Überhaupt scheint die Zusammenarbeit mit den zuständigen Forst- und Denkmalbehörden in den “Vorbereitungen für einsatzvorbereitende Übungen” insgesamt verbesserungswürdig – inklusive, ein weiterer konkreter Ansatz, der Nutzung durch diese Behörden ja bereits zur Verfügung stehenden Ressourcen: Denn das Archäologische Landesamt (übrigens nicht nur) Schleswig-Holsteins erläutert durchaus in einem Merkblatt die Ausweisung archäologischer Interessensgebiete, wo sie kartiert und also einsehbar sind und was es dort zu beachten gilt.

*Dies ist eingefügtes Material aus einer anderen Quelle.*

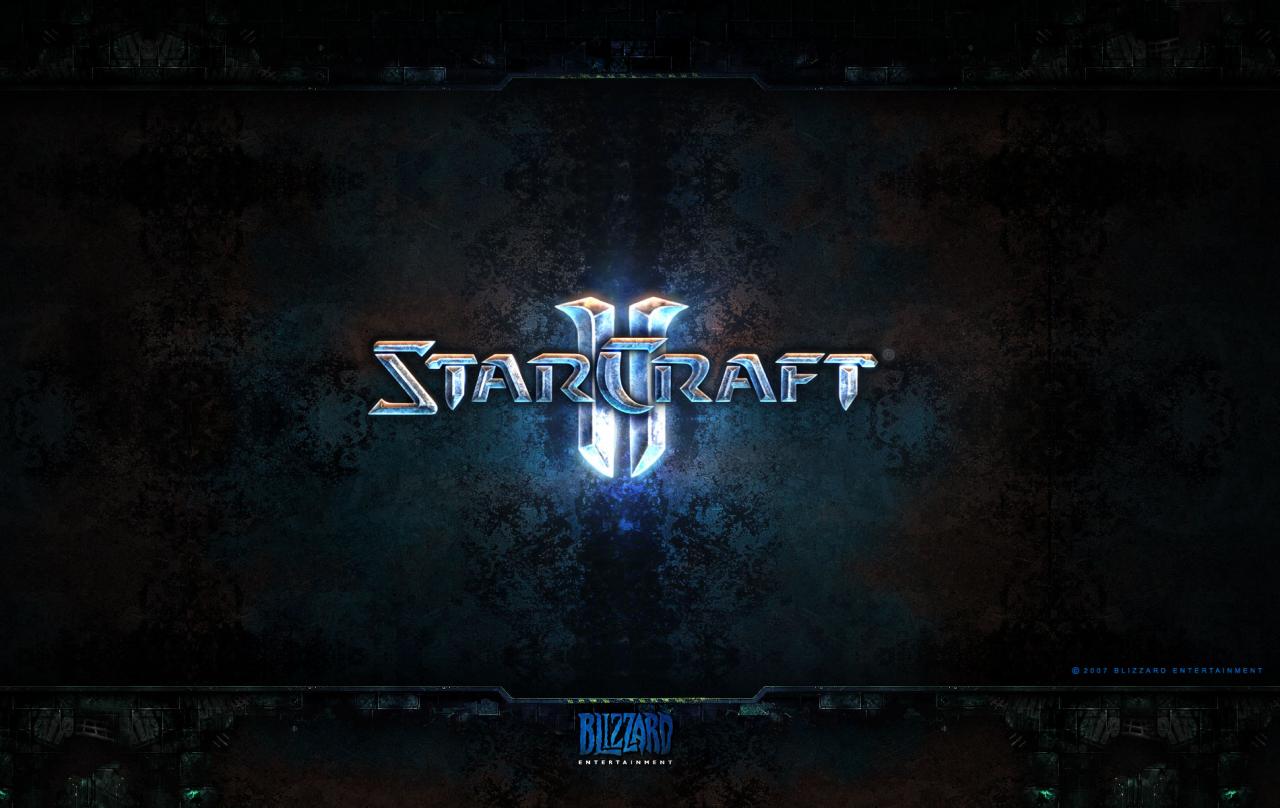 Wallpaper StarCraft 2 Logo Jeux video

In der Tat geben die in jedem Bundesland sorgfältig geführten Denkmalregister auch Auskunft über solche Bodendenkmäler. Für Ahrensbök führt Schleswig-Holstein (Stand 2016) unter der Gemarkung “Kuhkoppel” (so die Bezeichnung des Wäldchens, in dem die Bundeswehrübung im Juni stattfand) gar gleich sieben Grabhügel auf – die sich mit Hilfe des digitalen archäologischen Atlas’ für dieses Bundesland sogar recht eindeutig lokalisieren lassen:

Wesentlicher Teil der angekündigten nachhaltigen Betrachtung von Abläufen und Vorbereitungen militärischer Geländeübungen könnte künftig sinnvollerweise also auch die Konsultation archäologischer Lokalexpertise oder wenigstens der verfügbaren Daten und Ressourcen idealerweise vor solchen Übungen sein.
Etwa 19.000 Grabdenkmale sind laut Archäologischem Landesamt allein in Schleswig-Holstein bekannt. Im Wald bei Ahrensbök ist den Kolleginnen und Kollegen nur ein paar hundert Meter von der aktuellen Grabungsstelle entfernt ein weiter Hügel aufgefallen, offenbar ebenfalls gestört.